European leaders are sounding the alarm that persistent shipping disruptions in the Strait of Hormuz could derail economic growth and force a strategic pivot back to fossil fuels.
European leaders are sounding the alarm that persistent shipping disruptions in the Strait of Hormuz could derail economic growth and force a strategic pivot back to fossil fuels.

Greek Prime Minister Kyriakos Mitsotakis warned on May 13 that the ongoing blockade of the Strait of Hormuz threatens to unleash a new wave of inflation and weaken economic growth, putting European energy security under severe pressure. The statement reflects a growing concern among Western leaders that the crisis is evolving from a regional conflict into a global economic threat.
"The ongoing obstruction of navigation in the Strait of Hormuz will cause inflation, weaken economic growth, and pressure international energy markets," Mitsotakis said at an event in Athens. He argued that Europe must "reconsider its energy security strategy," noting the continent may have moved to abandon fossil fuel infrastructure too early.
The strait is a critical artery for the global economy, with some estimates indicating it handles as much as 34 percent of global seaborne oil exports and 21 percent of all maritime trade.

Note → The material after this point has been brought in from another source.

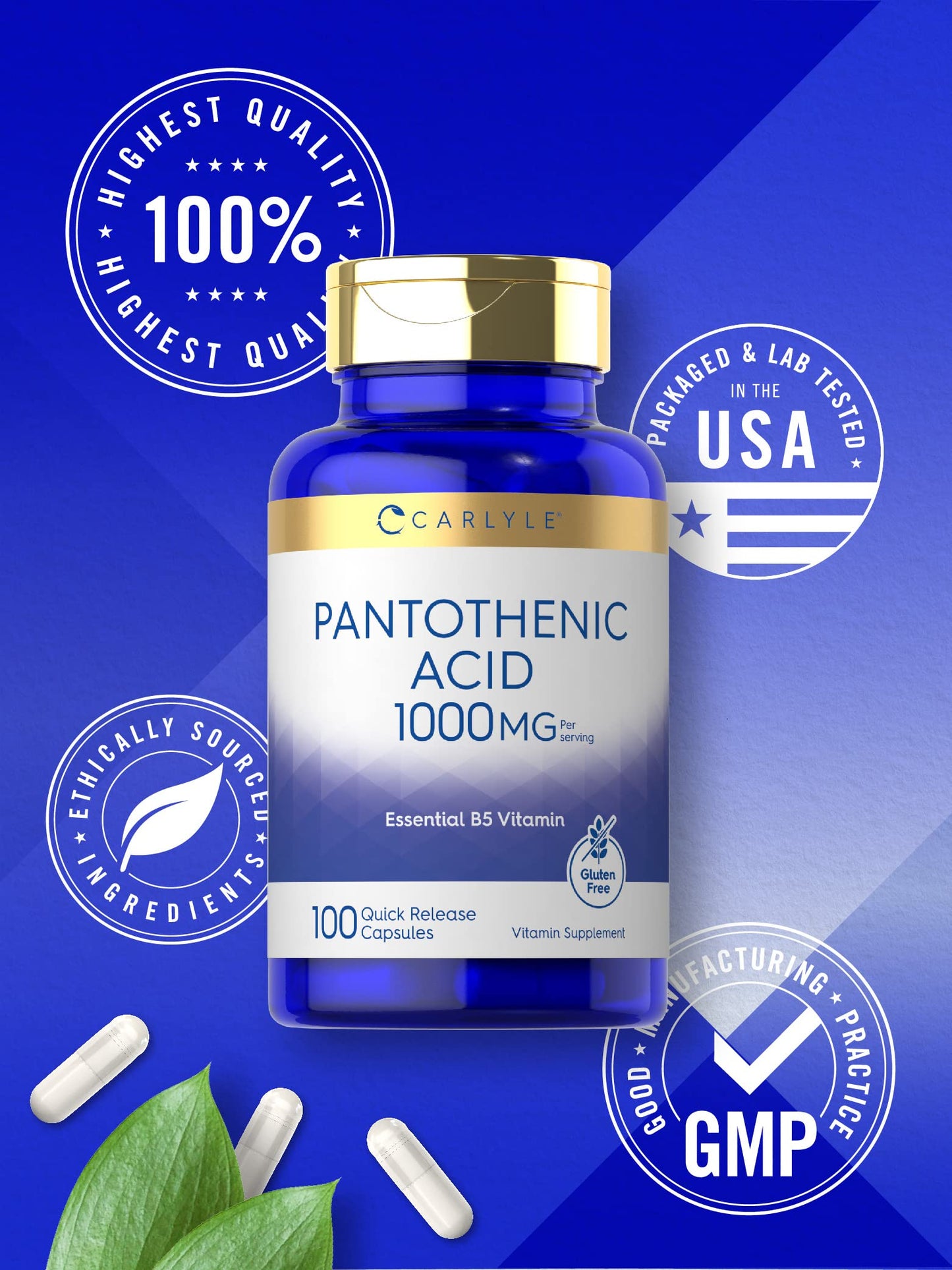 Close up of Carlyle Pantothenic Acid 100 capsules packaging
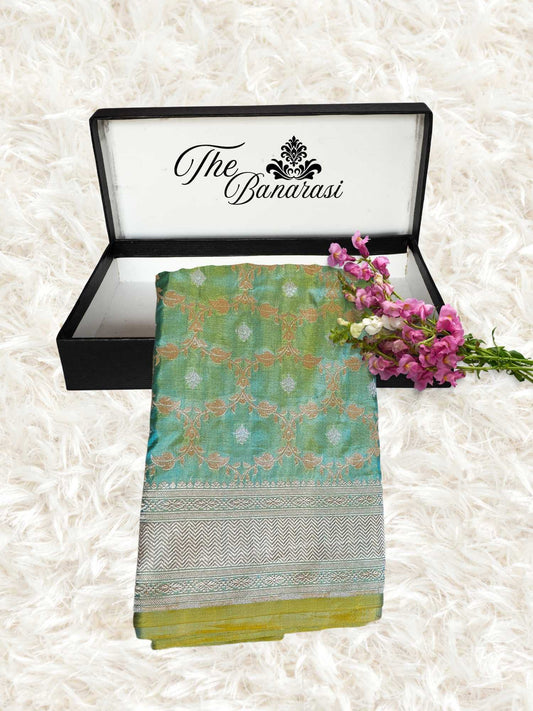 Umber Green Katan Silk Handwoven Banarasi Saree with Sona Roopa Work - Partial View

While crude prices have rallied by about 50 percent since the U.S.-Israel conflict with Iran began on February 28, the full economic impact of the disruption is only now beginning to surface in official warnings.
The prime minister's comments highlight a growing dilemma for European policymakers, who now face a direct conflict between long-term green transition goals and the immediate need to secure energy supplies. This could force a strategic pivot to reinvest in the very fossil fuel infrastructure that governments had planned to phase out to avert a new cost-of-living crisis.
The concerns are not limited to Europe. Import-dependent nations are already feeling the strain as shipping costs rise. In Nigeria, which brings in over 90 percent of its goods via sea, the March headline inflation rate climbed to 15.38 percent. "Any escalation in shipping costs... would have far-reaching consequences for Nigeria’s economy, industries and consumers," said Dr. Muda Yusuf, CEO of the Centre for the Promotion of Private Enterprise (CPPE).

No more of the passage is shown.